También me acuerdo de Nacho cuando viví con él y recuerdo las veces que me dejó dormir en su cama, y cuando llegaba de noche a su casa, ya que me estaba bancando en su casa, y llegaba y me tapaba, me apagaba la luz y me cerraba la puerta. Las veces que hablaba bien de mí, la vez que fuimos a comer con sus viejos… las veces que muy locos mirábamos una seria gay, cuando todavía él no había salido del closet, yo sentía muchas ganas de estar con él cerca de él, me encantaba que sea gordito y rubiecito, me gustaba, esta vez era más claro. Se me cayó la estantería el día que me dijo que se había ido del boliche con un chico. Hoy está casado.
Cómo olvidarme de mi otro amigo, Hernán. Podría decir muchas cosas de Hernán. El chico más dulce de los que conocí. Tierno, sensible, pelado y lindo. Tengo muchos recuerdos de él, pero puedo mencionar los momentos más cálidos que recuerdo, momentos que me hicieron temblar de la emoción. También compartíamos un taller una vez por semana y a la vuelta me llevaba en moto a casa. Una de las primeras veces me dijo agárrate de mi cintura no quiero perderte y me agarró las manos y me las puso en su cintura, yo tampoco quería perderlo. Y una vez, en un invierno muy frío, ya como chancho subiéndome a su moto me dijo que pusiera las manos en los bolsillos de su campera… yo creo que fue uno de los momentos más eróticos que viví sin estar desnudo y sin habernos tocado.

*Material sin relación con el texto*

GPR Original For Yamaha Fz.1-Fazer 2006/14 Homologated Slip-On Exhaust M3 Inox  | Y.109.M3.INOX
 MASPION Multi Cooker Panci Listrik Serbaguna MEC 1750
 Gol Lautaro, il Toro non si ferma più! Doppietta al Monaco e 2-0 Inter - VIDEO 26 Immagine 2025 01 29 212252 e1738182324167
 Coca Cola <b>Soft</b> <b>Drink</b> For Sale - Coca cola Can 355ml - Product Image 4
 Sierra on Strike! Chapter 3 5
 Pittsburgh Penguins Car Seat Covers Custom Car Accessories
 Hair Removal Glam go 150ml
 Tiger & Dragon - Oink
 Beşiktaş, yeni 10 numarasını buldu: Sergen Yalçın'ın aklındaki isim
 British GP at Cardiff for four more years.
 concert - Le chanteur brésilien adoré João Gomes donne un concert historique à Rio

Y puedo hablar de Andrés, de ese amigo hermoso con el cual compartimos muchas cosas, muchas palabras, muchos consejos, muchas miradas profundas… muchos te quiero, muchos te amos, de estar presentes en los momentos más tristes que uno puede pasar cuando se va un ser querido, pero también compartir muchos picos de amorosidad y de haber compartido una intimidad en la cama. Creo que a veces los límites no existen, que estamos performateados de maneras muy rígidas y que a veces tenemos la oportunidad para pasar esos límites impuesto y autoimpuestos. Es cierto, a los días que nos encontramos con Andrés, después de habernos matado a besos y de haber sexualizado nuestra amistad, no nos miramos igual, habíamos pasado una barrera que no solemos pasar con esos amigos del alma. Pero puedo confirmar mi amor por él que nada tiene que ver con ideas de amor baratas, de parejas, de príncipes azules ni lilas ni rosas. Son otros amores posibles, amores constructivos ¿Y qué son estos amores sino que hermosas relaciones donde también lo físico y el corazón se ponen en juego?